Short descriptive text snippets:

>>>

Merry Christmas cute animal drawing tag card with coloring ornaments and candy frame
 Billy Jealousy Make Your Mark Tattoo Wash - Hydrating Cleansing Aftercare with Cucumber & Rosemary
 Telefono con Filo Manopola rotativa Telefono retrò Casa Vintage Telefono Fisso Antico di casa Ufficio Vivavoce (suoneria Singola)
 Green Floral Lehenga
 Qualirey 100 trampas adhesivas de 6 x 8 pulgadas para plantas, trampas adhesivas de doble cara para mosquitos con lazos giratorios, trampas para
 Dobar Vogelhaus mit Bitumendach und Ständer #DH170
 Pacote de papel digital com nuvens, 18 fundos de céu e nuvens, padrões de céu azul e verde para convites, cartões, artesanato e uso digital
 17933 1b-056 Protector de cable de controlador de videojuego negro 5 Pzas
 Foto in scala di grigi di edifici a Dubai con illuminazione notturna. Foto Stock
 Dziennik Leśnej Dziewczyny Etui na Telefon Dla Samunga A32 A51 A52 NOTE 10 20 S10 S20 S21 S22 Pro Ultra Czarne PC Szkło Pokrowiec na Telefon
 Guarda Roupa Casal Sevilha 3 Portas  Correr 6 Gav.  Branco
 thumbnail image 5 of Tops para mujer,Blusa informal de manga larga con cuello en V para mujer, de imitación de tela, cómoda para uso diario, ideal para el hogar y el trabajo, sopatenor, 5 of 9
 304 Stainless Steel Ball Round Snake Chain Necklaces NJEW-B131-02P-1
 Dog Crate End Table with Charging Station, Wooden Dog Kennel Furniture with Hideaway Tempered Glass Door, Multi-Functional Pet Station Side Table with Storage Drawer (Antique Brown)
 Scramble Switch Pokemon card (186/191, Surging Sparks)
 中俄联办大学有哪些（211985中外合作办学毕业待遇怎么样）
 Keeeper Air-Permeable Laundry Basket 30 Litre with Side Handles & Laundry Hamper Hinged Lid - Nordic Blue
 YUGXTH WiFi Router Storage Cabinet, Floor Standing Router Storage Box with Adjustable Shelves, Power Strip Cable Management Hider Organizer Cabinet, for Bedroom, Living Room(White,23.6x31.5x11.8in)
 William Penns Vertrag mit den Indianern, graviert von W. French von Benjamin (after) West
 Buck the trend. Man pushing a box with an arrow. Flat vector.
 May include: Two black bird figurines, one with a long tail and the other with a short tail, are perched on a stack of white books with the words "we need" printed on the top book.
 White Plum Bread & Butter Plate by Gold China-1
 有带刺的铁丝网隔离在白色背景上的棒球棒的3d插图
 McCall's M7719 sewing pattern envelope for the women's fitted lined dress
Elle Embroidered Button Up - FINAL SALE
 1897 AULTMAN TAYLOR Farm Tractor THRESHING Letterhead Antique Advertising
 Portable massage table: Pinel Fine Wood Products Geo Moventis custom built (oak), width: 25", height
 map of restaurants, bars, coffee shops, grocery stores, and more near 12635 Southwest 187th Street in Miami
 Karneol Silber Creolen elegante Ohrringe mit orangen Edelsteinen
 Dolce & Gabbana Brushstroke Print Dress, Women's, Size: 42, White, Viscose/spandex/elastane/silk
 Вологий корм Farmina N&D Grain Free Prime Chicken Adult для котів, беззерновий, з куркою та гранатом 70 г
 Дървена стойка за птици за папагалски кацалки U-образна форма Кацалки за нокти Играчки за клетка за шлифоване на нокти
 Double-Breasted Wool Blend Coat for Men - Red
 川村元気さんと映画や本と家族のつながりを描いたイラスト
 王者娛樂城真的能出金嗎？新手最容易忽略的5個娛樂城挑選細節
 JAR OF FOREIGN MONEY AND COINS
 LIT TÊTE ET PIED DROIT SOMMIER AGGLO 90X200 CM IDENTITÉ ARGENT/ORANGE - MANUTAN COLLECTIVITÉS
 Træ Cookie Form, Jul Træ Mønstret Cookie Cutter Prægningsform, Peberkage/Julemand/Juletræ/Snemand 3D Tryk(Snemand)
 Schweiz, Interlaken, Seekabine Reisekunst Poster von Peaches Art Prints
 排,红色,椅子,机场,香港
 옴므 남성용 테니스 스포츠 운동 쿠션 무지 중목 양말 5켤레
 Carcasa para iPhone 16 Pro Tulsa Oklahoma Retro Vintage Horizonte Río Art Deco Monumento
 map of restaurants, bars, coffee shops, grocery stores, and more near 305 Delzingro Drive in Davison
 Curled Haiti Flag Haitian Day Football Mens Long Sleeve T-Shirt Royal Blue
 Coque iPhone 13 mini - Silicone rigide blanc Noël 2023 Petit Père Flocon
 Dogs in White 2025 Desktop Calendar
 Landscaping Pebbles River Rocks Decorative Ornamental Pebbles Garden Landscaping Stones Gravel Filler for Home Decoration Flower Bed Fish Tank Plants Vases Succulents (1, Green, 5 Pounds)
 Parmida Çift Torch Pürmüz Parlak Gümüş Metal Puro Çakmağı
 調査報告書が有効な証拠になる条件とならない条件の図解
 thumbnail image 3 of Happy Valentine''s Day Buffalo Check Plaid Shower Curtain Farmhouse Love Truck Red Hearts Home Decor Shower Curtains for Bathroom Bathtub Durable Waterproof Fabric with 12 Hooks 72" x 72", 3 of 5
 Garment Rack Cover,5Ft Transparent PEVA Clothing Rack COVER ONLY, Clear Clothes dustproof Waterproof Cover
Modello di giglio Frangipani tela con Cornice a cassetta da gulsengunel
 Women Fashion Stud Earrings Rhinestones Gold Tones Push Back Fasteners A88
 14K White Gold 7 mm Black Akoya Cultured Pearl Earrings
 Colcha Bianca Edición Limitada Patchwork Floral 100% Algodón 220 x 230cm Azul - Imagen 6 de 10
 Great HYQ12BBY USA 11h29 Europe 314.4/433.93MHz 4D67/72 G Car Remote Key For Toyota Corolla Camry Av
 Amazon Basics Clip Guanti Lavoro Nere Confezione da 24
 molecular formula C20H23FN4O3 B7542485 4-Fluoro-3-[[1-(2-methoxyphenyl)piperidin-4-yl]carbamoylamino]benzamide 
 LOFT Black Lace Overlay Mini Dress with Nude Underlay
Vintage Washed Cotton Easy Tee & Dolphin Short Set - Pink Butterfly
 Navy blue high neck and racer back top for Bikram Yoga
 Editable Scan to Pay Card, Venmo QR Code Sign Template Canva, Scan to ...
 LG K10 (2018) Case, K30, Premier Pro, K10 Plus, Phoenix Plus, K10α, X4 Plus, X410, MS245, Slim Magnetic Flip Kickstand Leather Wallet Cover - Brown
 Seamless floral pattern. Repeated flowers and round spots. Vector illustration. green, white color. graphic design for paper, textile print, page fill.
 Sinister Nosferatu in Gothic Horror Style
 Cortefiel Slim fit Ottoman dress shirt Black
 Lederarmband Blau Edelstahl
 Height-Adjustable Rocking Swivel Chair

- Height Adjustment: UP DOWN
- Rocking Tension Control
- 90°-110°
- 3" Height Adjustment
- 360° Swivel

<<<

**HOW TO COMPLETE THIS TASK:** From the line with "Sinister Nosferatu in Gothic Horror Style" through the last line of the records, set down every line exactly as written and leave out all others.

**SOLUTION TO THIS PROBLEM:**
 Sinister Nosferatu in Gothic Horror Style
 Cortefiel Slim fit Ottoman dress shirt Black
 Lederarmband Blau Edelstahl
 Height-Adjustable Rocking Swivel Chair

- Height Adjustment: UP DOWN
- Rocking Tension Control
- 90°-110°
- 3" Height Adjustment
- 360° Swivel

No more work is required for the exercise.